Gut, ich geb‘s zu. Ich habe heute Morgen mein erstes graues Haar entdeckt. Festlegen, ob das ein Grund zur Panik ist, möchte ich mich noch nicht und konnte auch beim frühabendlichen Lebensmitteleinkauf die erfreulicherweise genau heute im Angebot befindlichen Haartönungen und Anti-Falten-Cremen vorerst ignorieren.

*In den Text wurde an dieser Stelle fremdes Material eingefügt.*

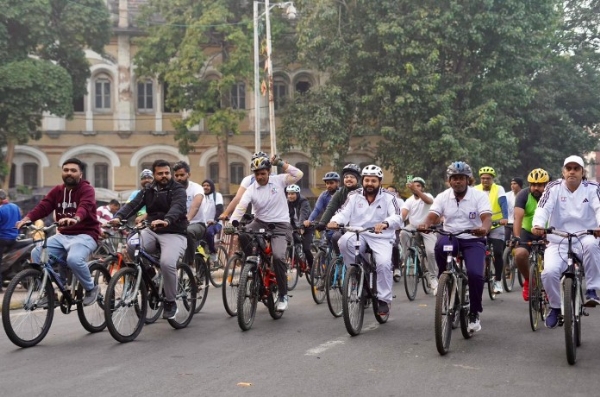 Vadodara Steals Spotlight as National Hub for 55th Fit India Sunday on Cycle Vadodara Steals Spotlight as National Hub for 55th Fit India Sunday on Cycle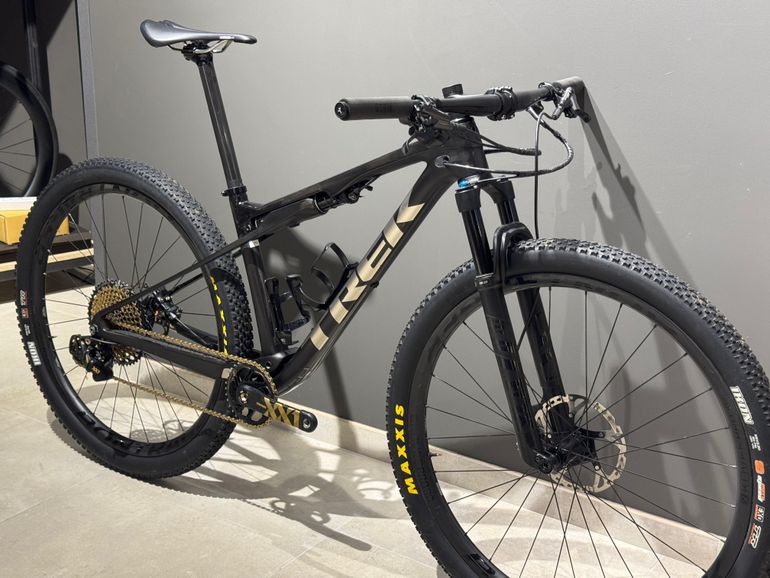 Brugt Trek SUPERCALIBER GEN 1 2022 Mountainbike — billede 4 af 6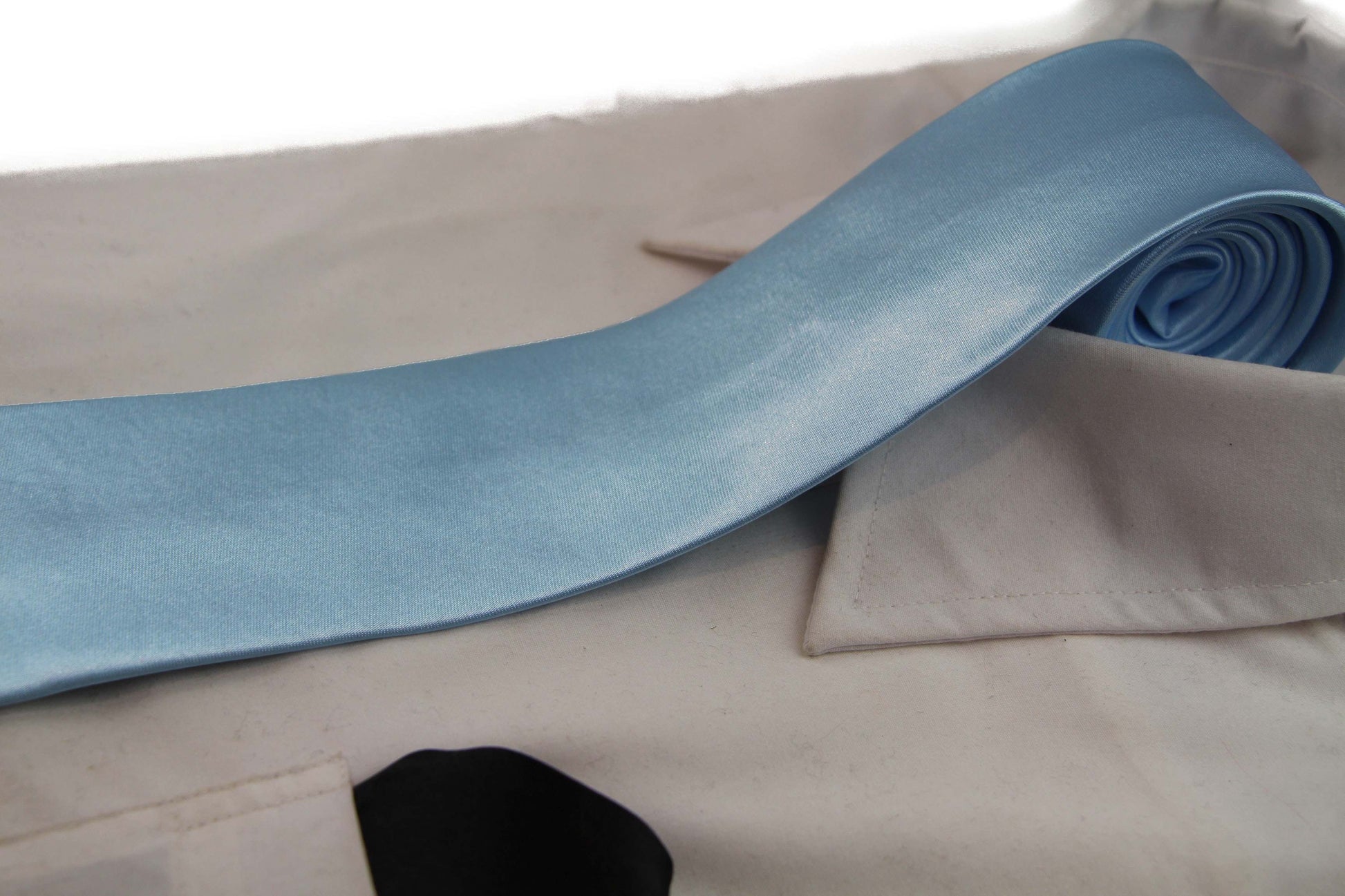Mens Light Blue 8cm Neck Tie & Black Pocket Square Set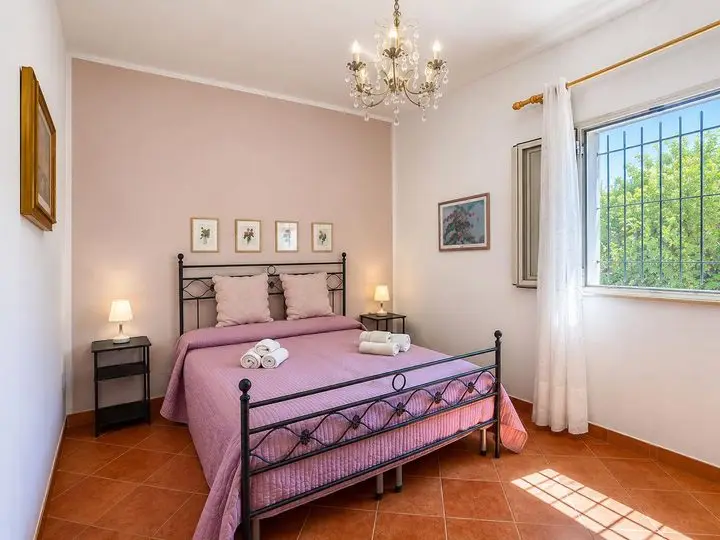 Camera matrimoniale con lampadario, Villa dei Limoni a Cefalù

Dennoch galt meine volle Aufmerksamkeit meinen Haaren und den Haaren meiner Mitmenschen. Und abgesehen von der Tatsache, dass mir bereits beim Verlassen der Wohnung  im Aufzug sowohl Elvis wie auch Einstein frisurentechnisch die Ehre gaben, war ich auch sonst recht fassungslos. 

Aus schier unerfindlichen Gründen scheint es gerade unter jungen zumeist fußballspielenden Männchen im Trend zu sein, beide Kopfseiten abzuscheren – im besten Fall inkl. Ghetto-Gangsta-Muster-Rasur – und die Haare oben am Kopf länger zu lassen. Nicht nur wird dadurch die Aerodynamik beim lässigen Poser-Hüftgang betont, auch wird der Kopf optisch zum vorbildlichsten aller Eierschädel.

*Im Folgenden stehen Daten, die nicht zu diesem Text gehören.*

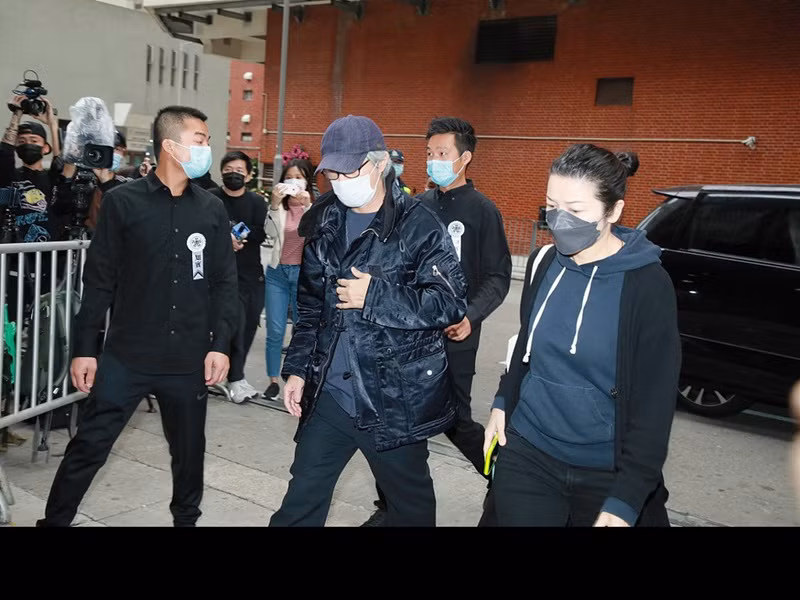 Bên cạnh đó, có thông tin Châu Tinh Trì từng hiến tặng tủy xương nên một số cho rằng đây là lý do chính khiến anh ngày càng yếu. Ảnh: Dân Việt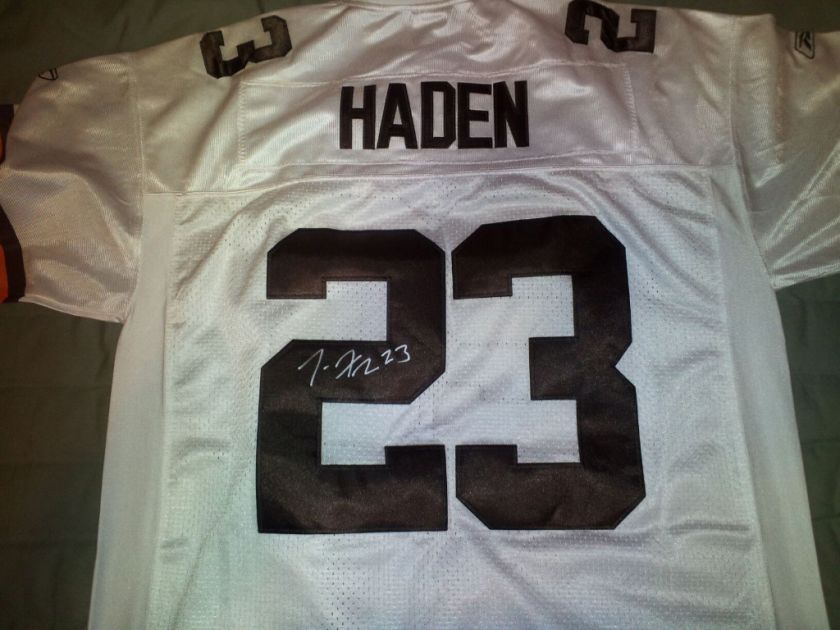 Cleveland Browns Joe Haden SIGNED jersey w/coa + hologram Autograph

In der älteren Generation kann man über solche Jugendsünden nur schmunzeln, streicht sich aber dann selbst einzelne verbliebene Haarfäden über die Glatze. Täuschend echt und kaum von vollen Haar zu unterscheiden! (Ob hier Sarkasmus im Spiel ist, bleibt im Dunkeln).

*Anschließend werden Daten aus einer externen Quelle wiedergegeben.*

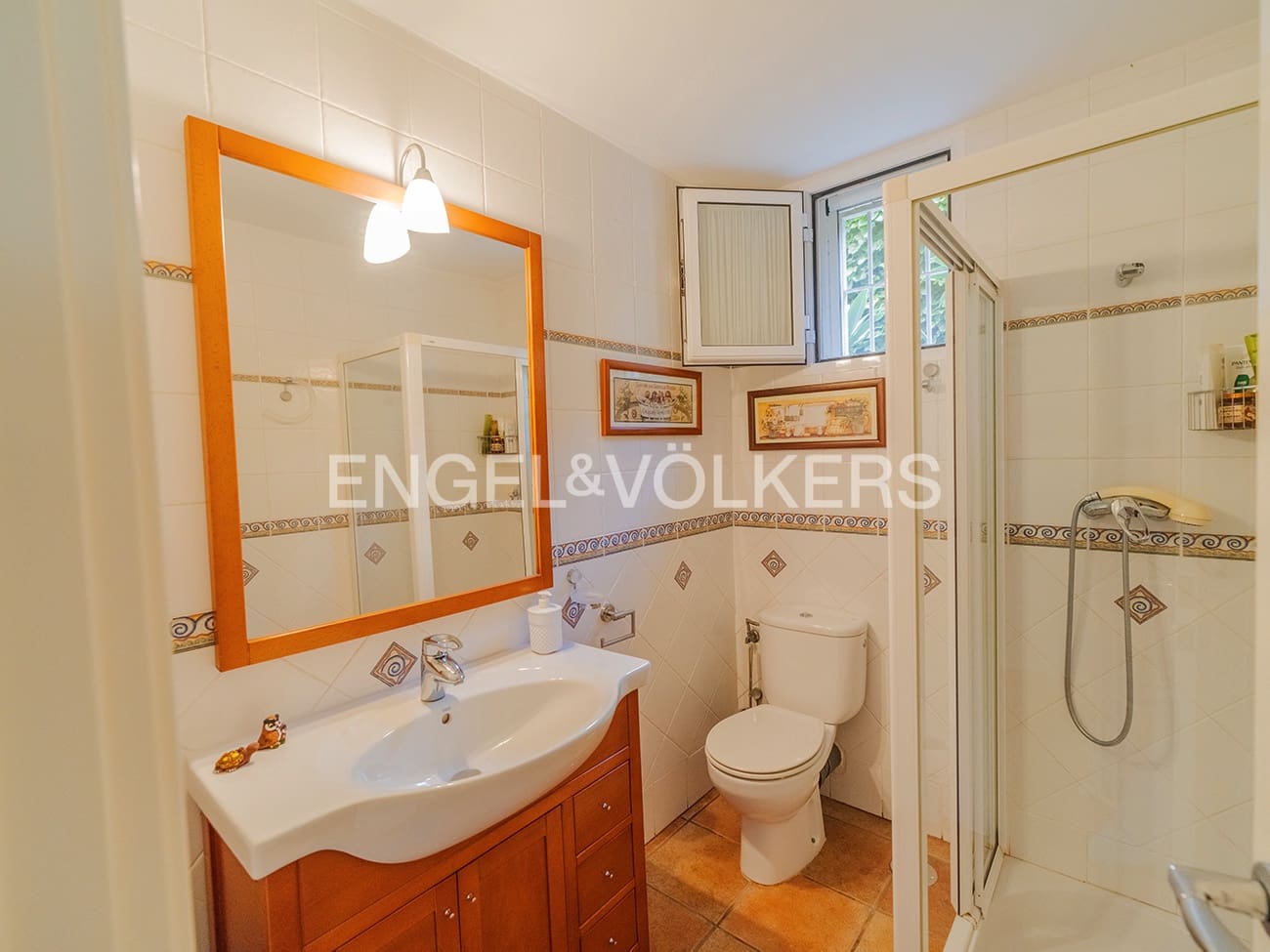 6 bedroom Villa for sale in Cabo de las Huertas with pool garage - € 2,175,000 (Ref: 9841795)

Gut, ich meine fast jeder von uns hat schon die eine oder andere Frisurensünde begangen. Liebe Eltern, Schluss mit dem Lächeln – ich kenn eure Führerscheinfotos. Aber ich selbst nehme mich da nicht aus, hatte ich doch mit 15 das dringende Bedürfnis, meine Haare unter Anwendung von 500g Haar-Wax zu Dreads zu formen. Ein halbes Jahr später kam dann die Schere ins Spiel und es hieß: Kurzhaarfrisur, was in meinem Fall wirklich nur als Strafe gesehen werden kann. Begutachter meines Passfotos, das dankenswerterweise zu diesem Zeitpunkt geschossen wurde, lachen sich heute noch ins Fäustchen.

Doch meine ehemaligen Dreads sind ein Bemmerl gegen den Schmalzbrot-Look einiger Mitmenschen. In der U-Bahn wurde mir erst bewusst, wie viele Leute ihre Haare penibelst von sämtlichen Reinigungsmaßnahmen fernzuhalten scheinen und sogar Wasser als schlimmes Unwort betrachten. Ob hier ein Fall von Missinterpretation der Floskel „das kannst du dir in die Haare schmieren“ vorliegt, konnte ich noch nicht aufklären.

Einer hatte gar ein derart verkommenes Nest am Schädel, dass ich die Läuse auf seiner Schulter schon angesichts der Aussicht auf ein lauschiges Brüt-Örtchen mit dem Vorspiel beginnen sah.

Angesichts solcher Umstände kann man sich eigentlich nur auf die kalte Jahreszeit freuen. Da braucht man nämlich eine Haube.